GridShell: Next Steps • Near term goals • Create a public download site for GridShell 1.0 (current version available only to NSF TeraGrid and UT Grid users). • Continue evolution of GridShell to include: • Support submitting jobs to clusters with firewalls • Need to hire an additional developer and developers partnerships with external developers (e.g. GridPort)

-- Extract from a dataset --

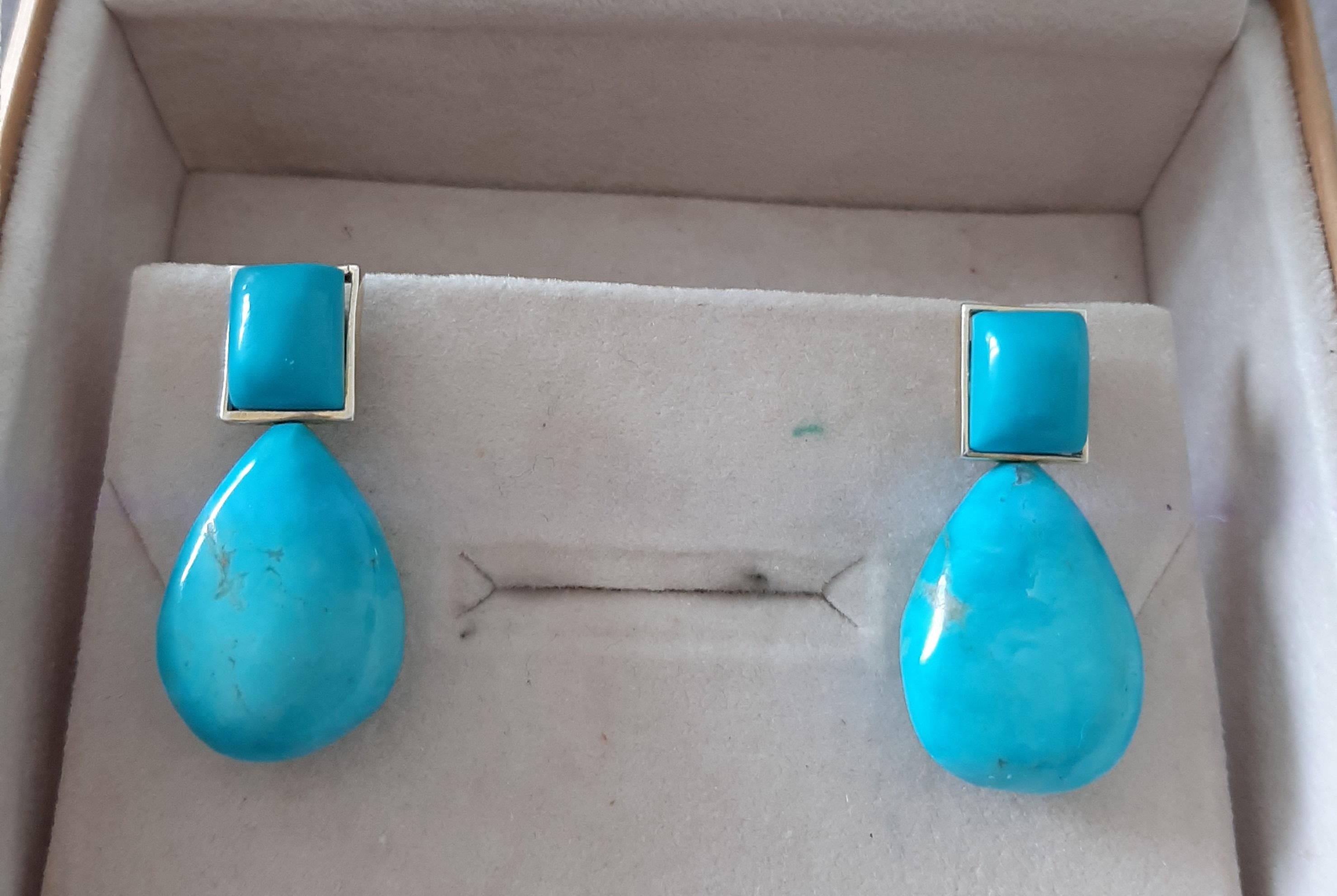 Genuine Turquoise Rectangular Cabs Turquoise Plai… - image 6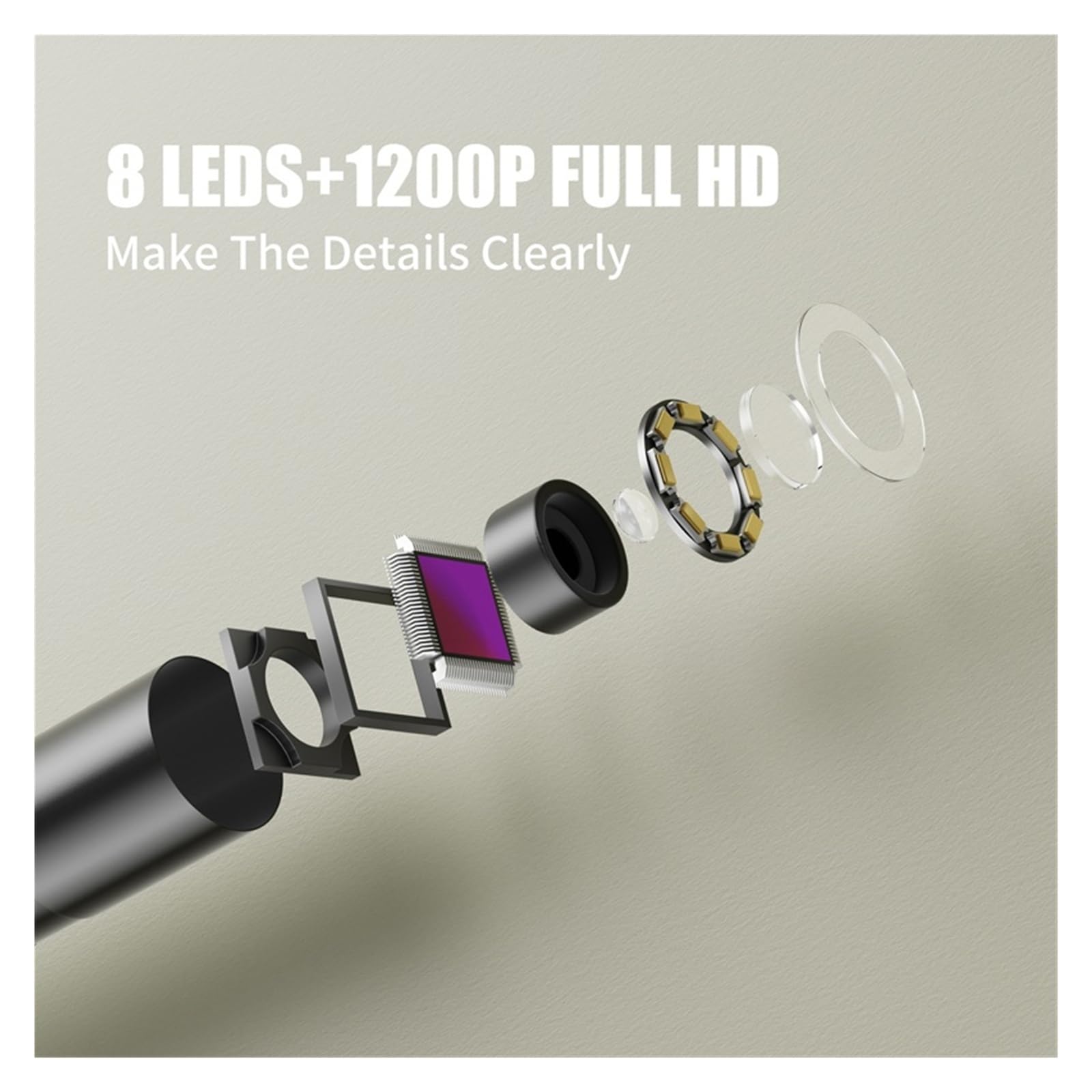 Endoscopio, Cámara endoscópica WiFi 1200P HD Lente Impermeable tubería inalámbrica inspección por boroscopio Industrial Coche(1m,Hard Cable)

MPS: Current Status • Goal is to reduce turn around times of jobs by optimizing resource selection for data movements, queue wait times, and performance • Components • Prediction Services • Execution times, queue wait times, file transfer times • Resource Brokering • Immediately select resources based on job requirements • Including predictions • Metascheduling • Schedule complex jobs such as workflows • Workload management
MPS: Next Steps • Near term goals: • Create prediction web services • Based on existing R&D • Predictions based on • Historical information • Learning algorithms • Scheduling simulations • Integrate with Condor-G • Provide additional information about clusters • The clusters themselves (e.g. number of CPUs) • The jobs submitted to the clusters • Add call outs so matchmaker can request predictions • User requests minimizing predicted response time as part of ranking • Demonstration with Graham Carey (ICES / UT Austin) • Selecting which cluster at TACC to use • Matchmaking capability using MPS to rank systems based on user request
Future Plans and Work • Complete MPS work and integrate campus cluster with TACC clusters • First, just ‘upload’ larger jobs • Later, share jobs among spokes • Integrate maverick as remote visualization resource into UT Grid • Overlapping software stack with PCs • Remote vis software downloads (incl. file transfer) • Vis portal • Integrate campus data collections into UT Grid • Hosted collections in DBs • WebSphere Information Integrator? • Prepare NSF proposal?